Sie bemerkte mich zuerst. Ihre Augen trafen meine, und die Seite ihrer Lippen zog sich zu einem Grinsen, bevor sie ihr Gesicht verzog und einen lauten Stöhnen ausstieß. Es klang wie ein ertrinkender Hund.
"Ja - Ahh - ja - genau so - genau so, Jackie!" Stöhnte sie, ihre Beine um die Taille meines Gefährten schlingend. Mein Gefährte stöhnte, bewegte seine Hüften schneller, als er in meine Schwester eindrang, und meine Sinne kehrten zurück.
"Was ist das?" fand ich meine Stimme und schrie, fühlte einen Blutandrang in meinem Kopf. Tränen verschwammen meine Sicht, aber ich blinzelte heftig.
"Ah - Argh!" rief Irene aus, schob Jackson weg und griff nach den Decken, als hätte sie gerade meine Anwesenheit bemerkt.

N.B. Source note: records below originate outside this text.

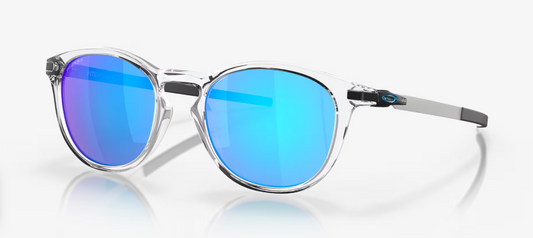 Oakley Pitchman R - Polished Clear - Prizm Sapphire Lens - 94390450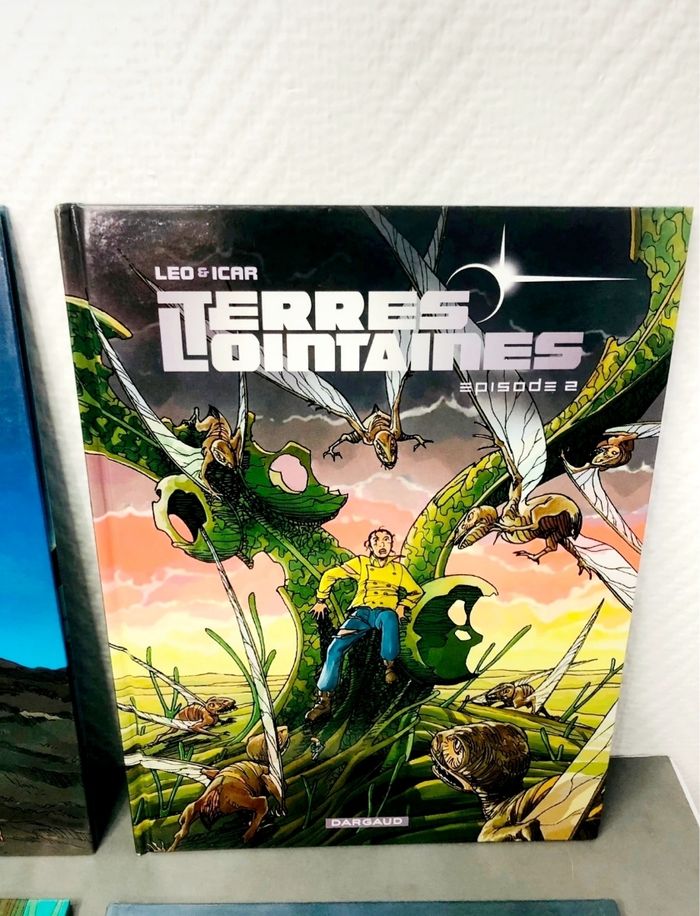 Terres lointaines épisode de 1 à 4 - photo numéro 4
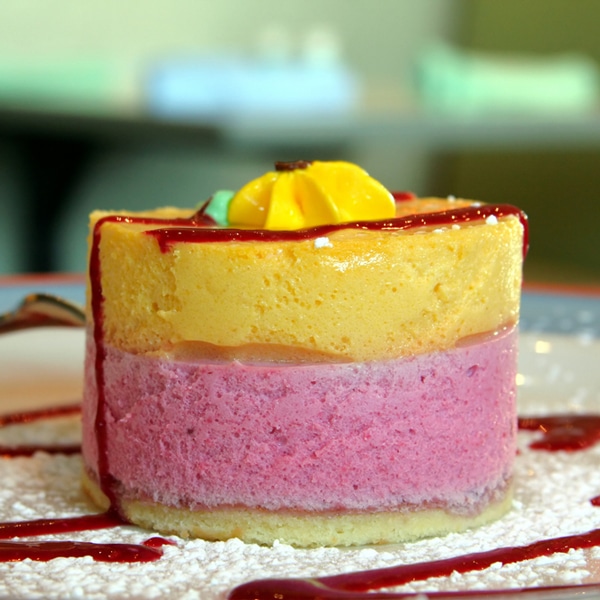 Prickly Pear Semifreddo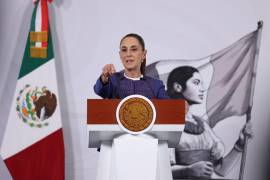 Claudia Sheinbaum Pardo, presidenta de México, encabezó la conferencia Mañanera del Pueblo en la que se presentó la Ley General para Prevenir, Investigar, Sancionar y Reparar el daño por el delito de feminicidio.
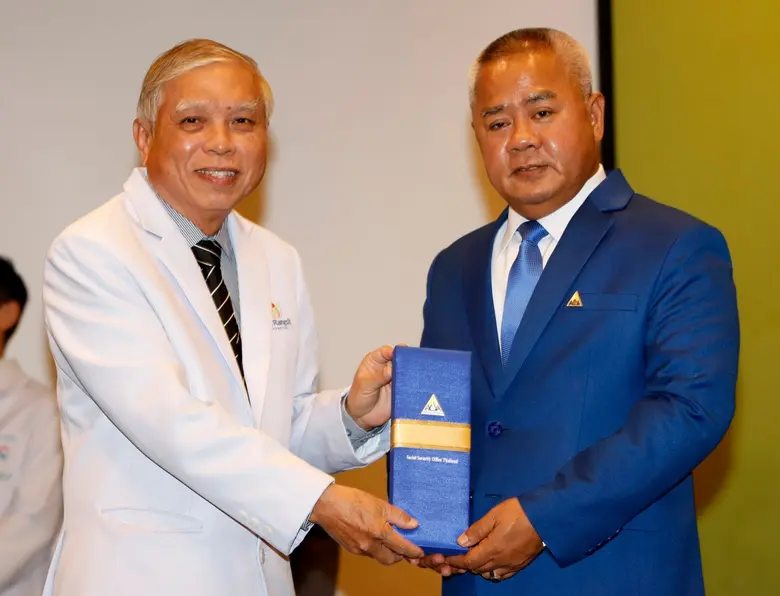 กลุ่มโรงพยาบาลแพทย์รังสิต ร่วม MOU กับสำน...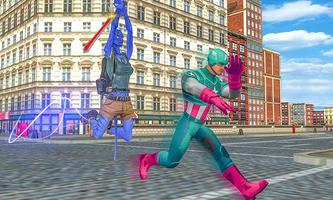 Fictional Avatar Thunder Sword Hero:Alien World 3D ảnh chụp màn hình 1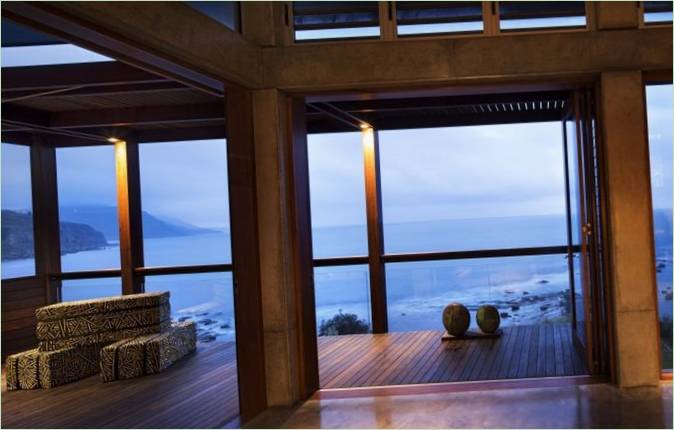 Interni del South Coast Residence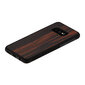 Mobiiltelefoni tagus Man&Wood sobib Samsung Galaxy S10 Lite, Ebony, Must цена и информация | Telefonide kaitsekaaned ja -ümbrised | hansapost.ee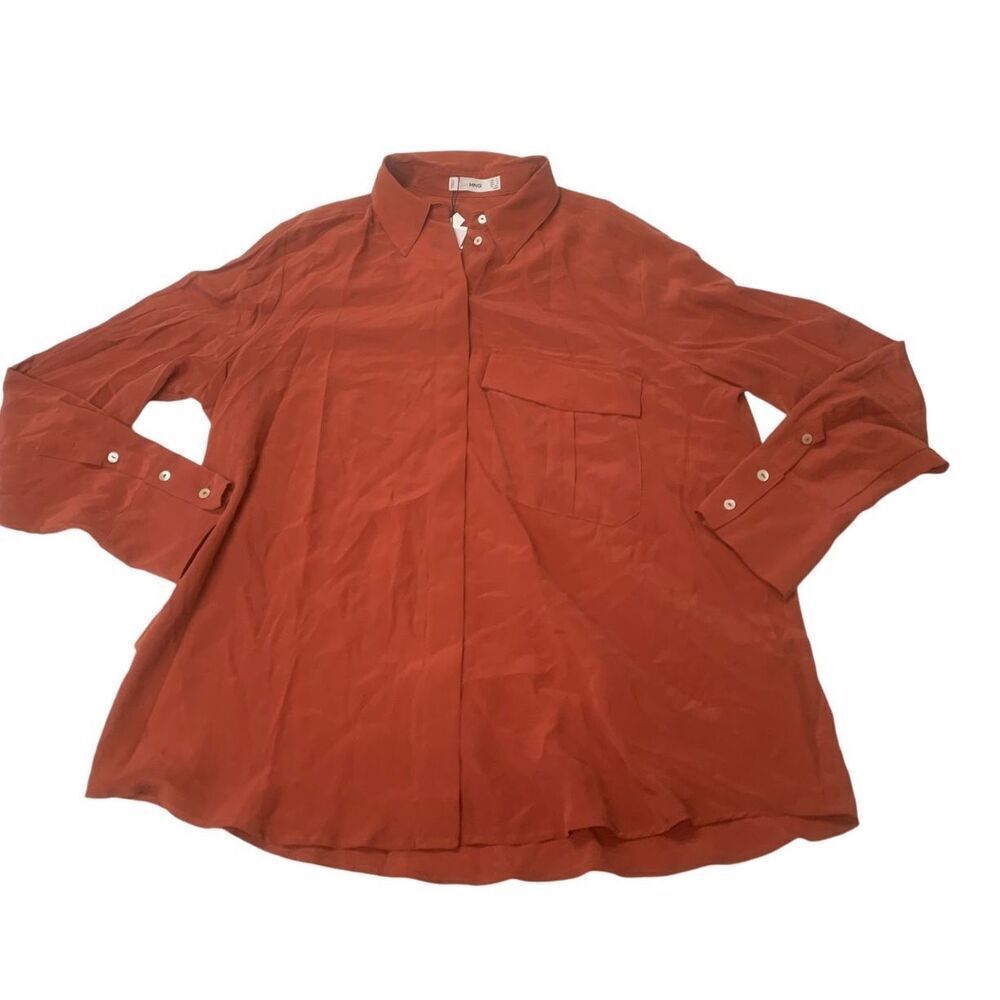 Ming Button Down Blouse NWT - image 2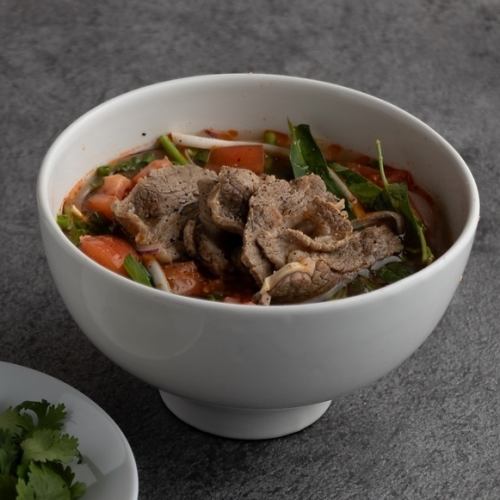 Fresh Tomato Beef Pho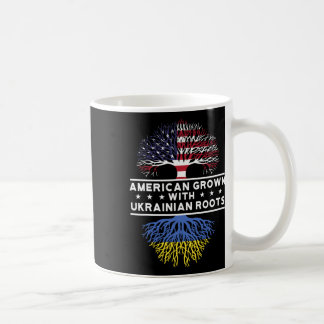 In Amerika gewachsen mit ukrainischen Wurzeln - Uk Kaffeetasse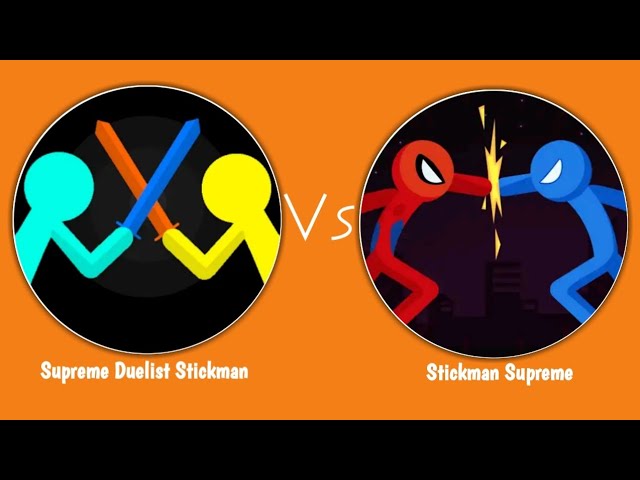 Supreme duelist stickman fanart by birdorxeike on DeviantArt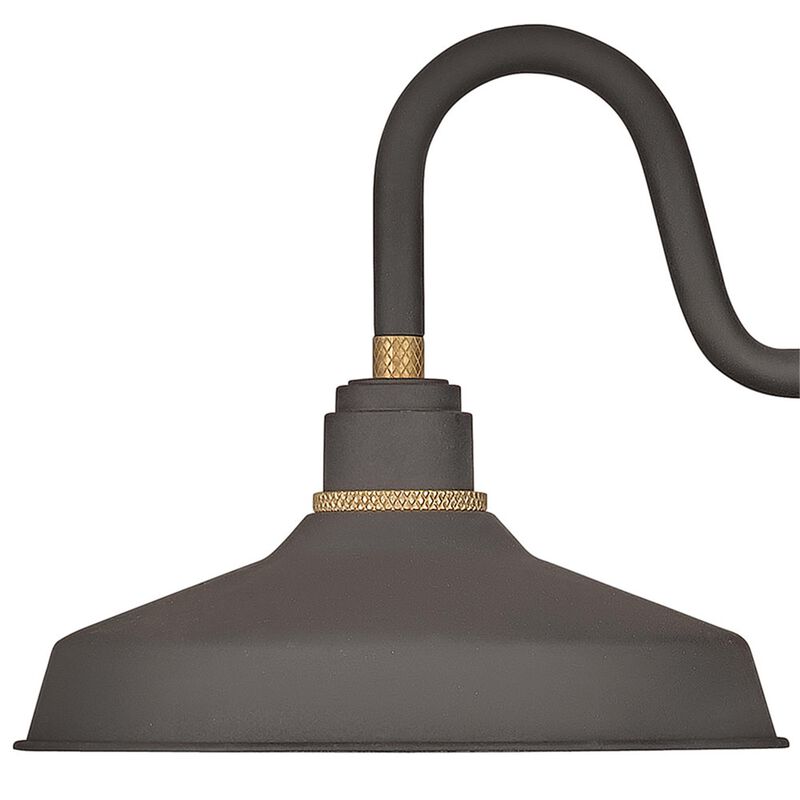 Foundry 9 Inch Outdoor Wall Light by Hinkley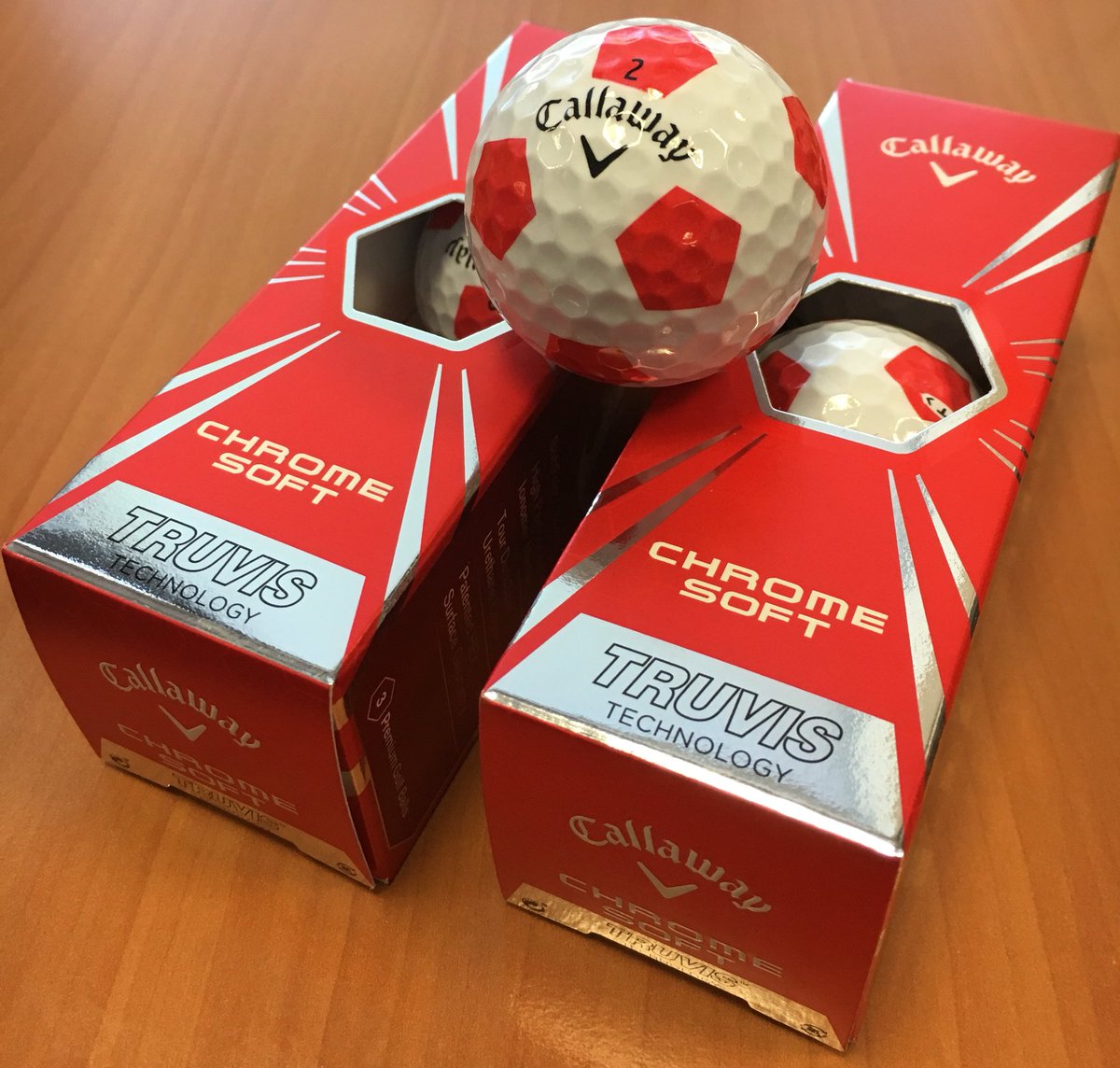 CallawayTL's tweet photo. Looking forward to trying out the New Chrome Soft Truvis soon #softfastcore https://t.co/jUtl7bEbqZ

Mein Gefährte drehte sich um, fing meinen Blick und presste die Lippen zusammen.
"Kannst du draußen warten?" sagte er mit einem Seufzer, als ob ich es wäre, der unser Ehebett entweihte. Er bedeckte Irene, als wäre sie das kostbarste Geschenk der Welt, während ich regungslos am Eingang stehen blieb.
"Chantelle!" schnappte er, als meine Beine sich weigerten zu bewegen und sich vom Boden lösten. Ich rannte aus dem Zimmer, stolperte mit verschwommener Sicht die Treppe hinunter.
Er betrog mich.
Es war etwas, woran ich nie gedacht hatte, aber es ergab Sinn. Er hatte sich bereits aus unserer Beziehung ausgeklinkt. Ich war die Dumme, die sich bemühte, die Dinge zu verbessern. Er hatte bereits jemand anderen gefunden - sogar meine Stiefschwester!
Janets Worte von vor zwei Tagen hallten in meinem Kopf wider, und ich hätte beinahe durch die Tränen gelacht, die mein Gesicht hinabströmten und mein Krankenhauskleid durchnässten. Sie wusste davon. Sie wusste, dass ihr Bruder mich mit meiner Stiefschwester betrog, deshalb warnte sie mich, schnell schwanger zu werden; bevor sie es tat.
Wer wusste noch davon?
Ich fühlte mich wie ein Narr. Alle Zeichen waren da. Er hörte auf, mich zu berühren und begann, mich anzusehen wie ein Stück Hundekot unter seinen Schuhen, aber ich weigerte mich, die Zeichen zu sehen. Ich konzentrierte all meine Aufmerksamkeit darauf, mit ihm eine Familie aufzubauen, während er meine Schwester in unserem Zuhause vögelte, auf unserem Ehebett, das ich vor all den Jahren aufgeregt ausgesucht hatte.
"So ein Narr", flüsterte ich und wiegte mich hin und her auf meinem Stuhl. "So ein Narr, Chantelle. So ein Narr!"
"Chantelle, wir müssen reden." Mein Partner kam die Treppe hinunter, mit meiner Schwester in seinem Hemd gekleidet.
"Wie lange?" Die Worte sprudelten aus meinen Lippen.
"Willst du es wirklich wissen?" Fragte er.
"Du verdammter Bastard! Wie lange vögelst du schon meine Schwester!" Schrie ich und die kleine Schlampe kauerte sich an seine Seite.
"Nicht - nicht schreien, Channy. Erschreck das Baby nicht", murmelte sie, Tränen in den Augen, während sie ihren Bauch umarmte. Ich bemerkte den winzigen Bauch und mein Herz sank zu Boden.
"W - Was?" Flüsterte ich, mein Kiefer ließ nach.